BH: Some critics do not believe that 18,000 people an hour will travel from London to Birmingham. Would you consider having more stops to potentially increase passenger numbers?
AM: The government consulted last year on the key elements of the proposals for HS2 and that set out the Government’s conclusion that there should not be an intermediate station. We did have some responses back through the consultation asking the Government to reconsider that. We did reconsider and came to the same conclusions. We are not expecting to reopen that question now.
BH: If minds have already been made up, it sounds as though the critics who claim these forums are merely ‘box ticking exercises’ are correct.
AM: In terms of the route we did listen to what people said and we have significantly improved the route compared to the consultation route.
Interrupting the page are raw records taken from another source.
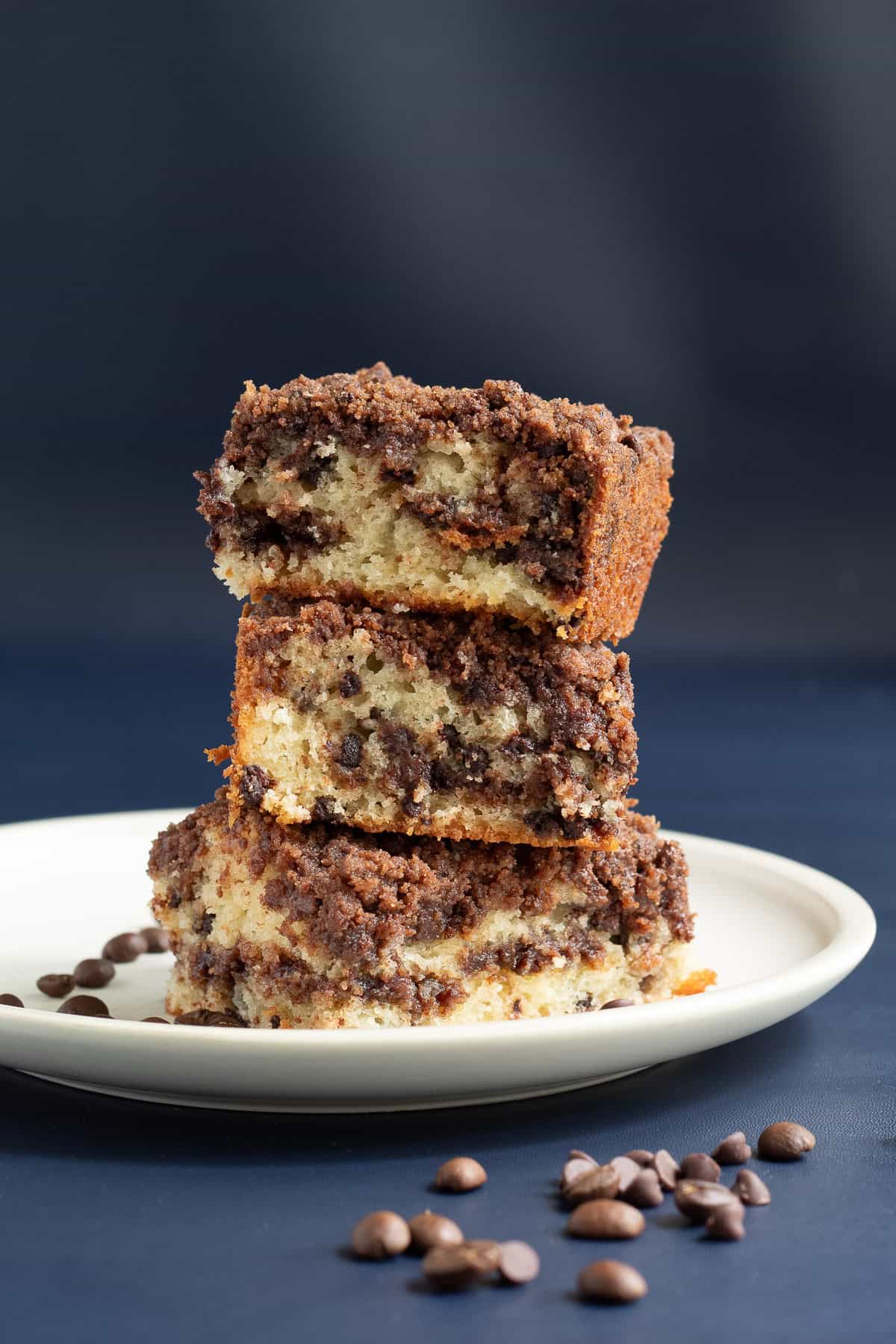 A stack of three slices of coffee cake freckled with chocolate chips and streusel sits on a white plate.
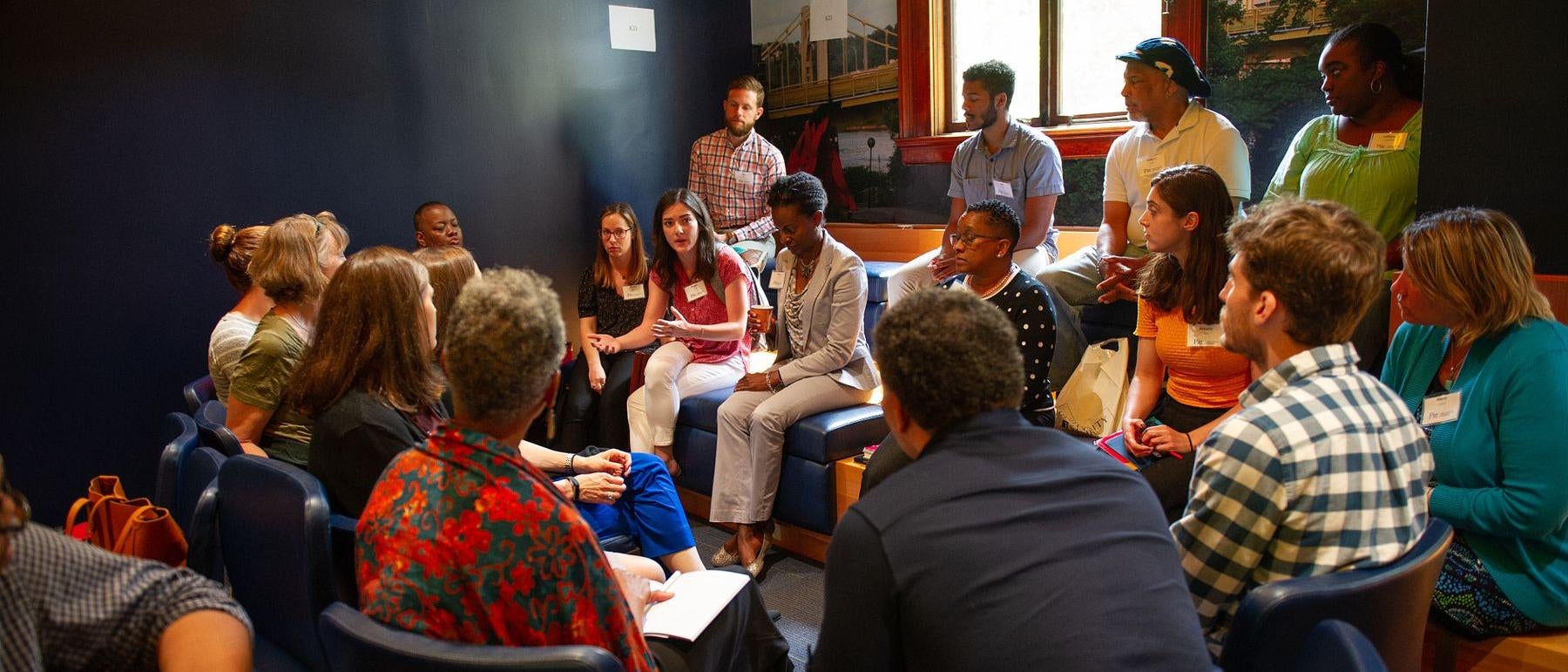 Group of students, faculty, and staff having a discussion
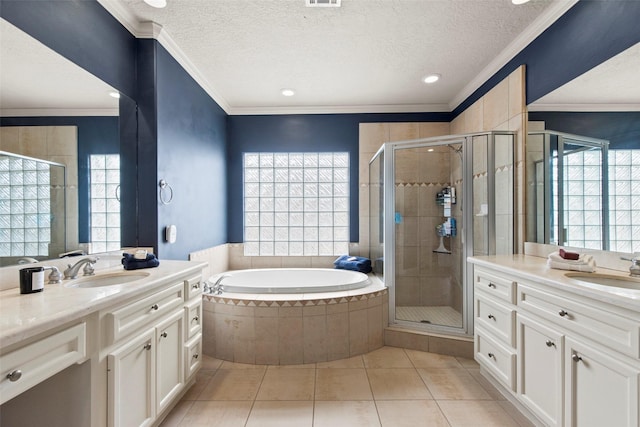 full bathroom featuring a sink, a shower stall, and a healthy amount of sunlight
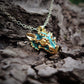 Gold dragon's head with diamond eyes and a gold chain. *This piece is finished and ready to be shipped* © Adrian Ashley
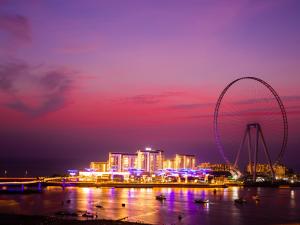 Roda Amwaj Suites Jumeirah Beach Residence في دبي: أفق المدينة مع عجل فيريس في الليل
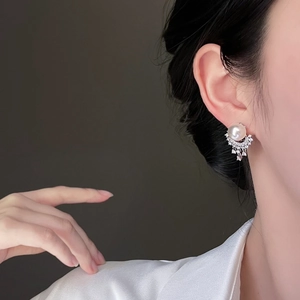 Detail of silver needle pearl earrings with micro-inlaid rhinestones on a female model
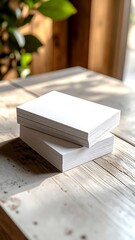 Stack of blank white papers on a wooden table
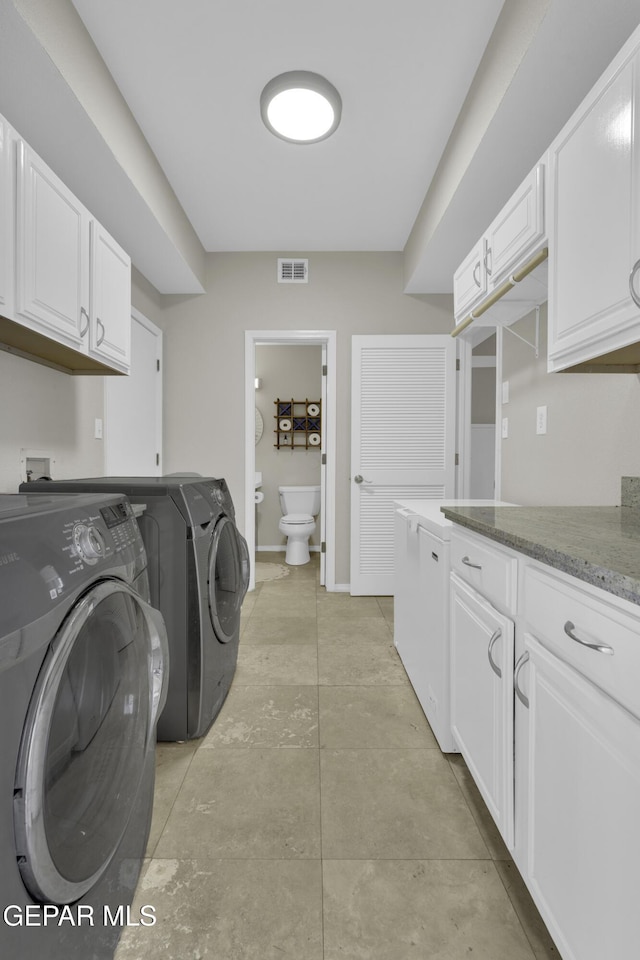 clothes washing area with cabinets and independent washer and dryer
So for example in the Chilterns we have extended the tunnel, we put in extra green tunnel. So we have done quite a lot already to improve the route. That is evidence that we have actually listened. Going forward what we are now talking about is how we can further refine that route and improve it, looking in more detail that we were able to before.
BH: But there is not much money to fund the mitigation. It sounds like you are saying ‘we will listen and do what we can as long as it doesn’t cost us too much’?
AM: Quite a lot of this will be part of the core design of the railway. Although we have mentioned a pot of £250 million, that’s for things that aren’t really part of the basic design, for example if we had to replace some community facilities. A lot of this can be accommodated through the design as we go forward. For example where we have got the line in cutting we can use the spoil that comes out of those cuttings to landscape other bits of the route.
BH: Is money being wasted by those campaigning against the plans and bringing judicial reviews?
AM: Obviously that is up to them to decide. The Government has made clear that it thinks this should happen. The Government has also indicated that it believes the way it approached its decision was absolutely robust and it will strongly defend any challenges. I think the really important thing is that whether they oppose it or not, we hope they will engage with us.
BH: Isn’t that just a way to help you move the project forward?
AM: They can do both. They can oppose it whilst still engaging with us on if it’s going to happen what is it going to be like – on a without prejudice basis so they get the best possible solution for the local area.